Even under the limit, you can get a DUI

You moved to the neighborhood you’re in today because of its well-known reputation for safety. What you didn’t expect is how often the neighborhood would have parties or events that exposed you to alcohol or drugs.

Recently, you stayed late at a local party, and you decided to drive back. The roads were pretty much void of other vehicles in Naperville, so you decided to drive despite being intoxicated. Of course, knowing that there were parties that night, there were officers in the area who were looking for reckless and intoxicated drivers.

That’s how you ended up pulled over and facing a DUI. The officer gave you a field sobriety test and a breath test. Though you were under the .08% limit, you did not pass the field sobriety test. Now, your freedoms could be at risk as a result of your single mistake.

Can you get a DUI if you’re under the legal limit?

Yes, even though you are under the legal limit, the officer may be able to show that you were intoxicated enough that it was not safe for you to drive. If they can do that, you may still receive a DUI despite not being over the legal limit.

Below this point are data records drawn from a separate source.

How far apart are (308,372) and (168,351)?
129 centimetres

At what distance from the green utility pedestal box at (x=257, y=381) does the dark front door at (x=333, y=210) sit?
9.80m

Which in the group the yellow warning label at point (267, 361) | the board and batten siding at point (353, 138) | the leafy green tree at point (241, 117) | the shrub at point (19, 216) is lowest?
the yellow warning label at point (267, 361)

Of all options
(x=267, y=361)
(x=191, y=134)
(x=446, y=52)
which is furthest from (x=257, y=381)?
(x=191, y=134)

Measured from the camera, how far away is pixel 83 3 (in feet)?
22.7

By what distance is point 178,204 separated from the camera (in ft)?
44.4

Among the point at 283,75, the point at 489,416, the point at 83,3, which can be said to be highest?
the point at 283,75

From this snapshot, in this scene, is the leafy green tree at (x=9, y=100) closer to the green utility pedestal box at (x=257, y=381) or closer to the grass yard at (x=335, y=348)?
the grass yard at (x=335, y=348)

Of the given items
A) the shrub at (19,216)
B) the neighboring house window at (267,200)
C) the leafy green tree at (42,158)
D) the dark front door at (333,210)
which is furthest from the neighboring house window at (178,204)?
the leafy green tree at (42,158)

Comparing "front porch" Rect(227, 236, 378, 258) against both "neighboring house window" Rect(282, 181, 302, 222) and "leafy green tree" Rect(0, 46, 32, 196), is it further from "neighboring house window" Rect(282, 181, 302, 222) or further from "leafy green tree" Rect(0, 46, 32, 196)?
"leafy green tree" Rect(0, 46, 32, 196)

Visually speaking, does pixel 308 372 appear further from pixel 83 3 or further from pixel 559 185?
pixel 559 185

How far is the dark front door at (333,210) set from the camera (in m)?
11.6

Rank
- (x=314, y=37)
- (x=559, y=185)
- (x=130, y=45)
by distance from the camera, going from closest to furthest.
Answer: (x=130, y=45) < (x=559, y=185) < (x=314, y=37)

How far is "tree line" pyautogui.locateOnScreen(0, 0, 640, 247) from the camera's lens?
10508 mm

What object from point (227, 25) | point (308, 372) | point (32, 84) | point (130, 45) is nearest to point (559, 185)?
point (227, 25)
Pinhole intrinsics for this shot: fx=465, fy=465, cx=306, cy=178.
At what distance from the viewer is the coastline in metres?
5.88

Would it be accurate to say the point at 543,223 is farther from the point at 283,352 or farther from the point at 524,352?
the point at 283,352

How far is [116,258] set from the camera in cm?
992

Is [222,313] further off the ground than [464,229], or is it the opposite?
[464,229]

What the legal limit does is create a barrier. It dictates when a person can face a DUI with no further evidence. However, you can still face a DUI if the officer collects evidence against you to show that you were too intoxicated to drive in combination with your blood alcohol content (BAC).

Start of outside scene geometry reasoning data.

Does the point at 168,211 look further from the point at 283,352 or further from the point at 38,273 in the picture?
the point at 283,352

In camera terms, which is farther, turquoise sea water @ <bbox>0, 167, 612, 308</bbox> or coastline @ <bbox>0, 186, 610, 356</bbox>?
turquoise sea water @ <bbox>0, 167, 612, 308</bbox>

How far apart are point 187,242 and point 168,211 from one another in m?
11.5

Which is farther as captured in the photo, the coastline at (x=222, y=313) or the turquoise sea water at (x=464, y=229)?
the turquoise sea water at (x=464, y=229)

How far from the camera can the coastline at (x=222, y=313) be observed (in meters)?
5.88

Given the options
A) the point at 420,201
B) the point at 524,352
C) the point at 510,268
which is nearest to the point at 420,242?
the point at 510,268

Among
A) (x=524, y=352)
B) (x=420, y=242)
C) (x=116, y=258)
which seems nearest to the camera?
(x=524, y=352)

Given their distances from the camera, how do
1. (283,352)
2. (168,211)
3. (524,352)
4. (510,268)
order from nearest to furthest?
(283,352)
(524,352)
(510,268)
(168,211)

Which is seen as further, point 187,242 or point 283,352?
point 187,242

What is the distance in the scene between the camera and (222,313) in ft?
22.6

Also, keep in mind that time matters. If the officer pulled you over 20 minutes ago and tests your breath after some time has passed, they may still be able to argue that you were over the legal limit when driving, especially if your BAC is close to .08% when the breath test is taken. This is most common for those with BACs of .07% or .06%, and it is something you can argue against.

What should you do if you’re arrested but had a BAC under .08%?

In that case, it is a good idea to reach out to your attorney to learn more about your options. There may be a strong potential for you to fight the case or to have the charges lowered or dismissed completely. Sometimes, alternative penalties are also available, so that you can attempt to resolve the situation without a conviction and without seeing a serious impact on your future.